The song's lyrics are:[citation needed]

Mid pleasures and palaces though we may roam
Be it ever so humble, there's no place like home
A charm from the skies seems to hallow us there
Which seek thro' the world, is ne'er met elsewhere
Home! Home!
Sweet, sweet home!
There's no place like home
There's no place like home!

An exile from home splendor dazzles in vain
Oh give me my lowly thatched cottage again
The birds singing gaily that came at my call
And gave me the peace of mind dearer than all
Home, home, sweet, sweet home
There's no place like home, there's no place like home!

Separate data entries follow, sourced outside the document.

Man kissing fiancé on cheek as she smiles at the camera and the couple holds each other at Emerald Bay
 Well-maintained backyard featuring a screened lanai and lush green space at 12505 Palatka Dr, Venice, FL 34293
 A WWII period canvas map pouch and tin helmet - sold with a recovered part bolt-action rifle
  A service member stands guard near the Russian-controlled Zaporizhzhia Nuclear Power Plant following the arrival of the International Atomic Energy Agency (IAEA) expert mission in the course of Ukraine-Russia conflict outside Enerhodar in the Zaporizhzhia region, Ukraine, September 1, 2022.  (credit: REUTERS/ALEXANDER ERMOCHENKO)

When the song was published separately,[year needed] it quickly sold 100,000 copies. The publishers[who?] made a considerable profit from it, net £2,100 in the first year, and the producer of the opera did well. Only Payne did not really profit by its success. "While his money lasted, he was a prince of bohemians", but he had little business sense. The song's American premiere took place at the Winter Tivoli Theatre in Philadelphia on October 29, 1823, and was sung by "Mrs. Williams." In 1852, Henry Bishop "relaunched" the song as a parlour ballad, and it became very popular in the United States throughout the American Civil War and after.

As early as 1827, this song was quoted by Swedish composer Franz Berwald in his Konzertstück for Bassoon and Orchestra (middle section, marked Andante). Gaetano Donizetti used the theme in his opera Anna Bolena (1830) Act 2, Scene 3 as part of Anna's Mad Scene to underscore her longing for her childhood home. It is also used with Sir Henry Wood's Fantasia on British Sea Songs and in Alexandre Guilmant's Fantasy for organ Op. 43, the Fantaisie sur deux mélodies anglaises, both of which also use "Rule, Britannia!". In 1857, composer/pianist Sigismond Thalberg wrote a series of variations for piano (op. 72) on the theme of "Home! Sweet Home!".

The song was reputedly banned from being played in Union Army camps during the American Civil War for being too redolent of hearth and home and so likely to incite desertion.

It was a favorite of Nellie Melba and Adelina Patti, both of whom used the song as an encore piece.

In 1926, a "Music Stair" railing (see image) at Chatham Manor in Fredericksburg, Virginia was designed by Washington, D.C.–based architect Oliver H. Clarke for the homeowners, the Devores. The ornamental iron railing features the first few bars of the score to “Home, Sweet Home.”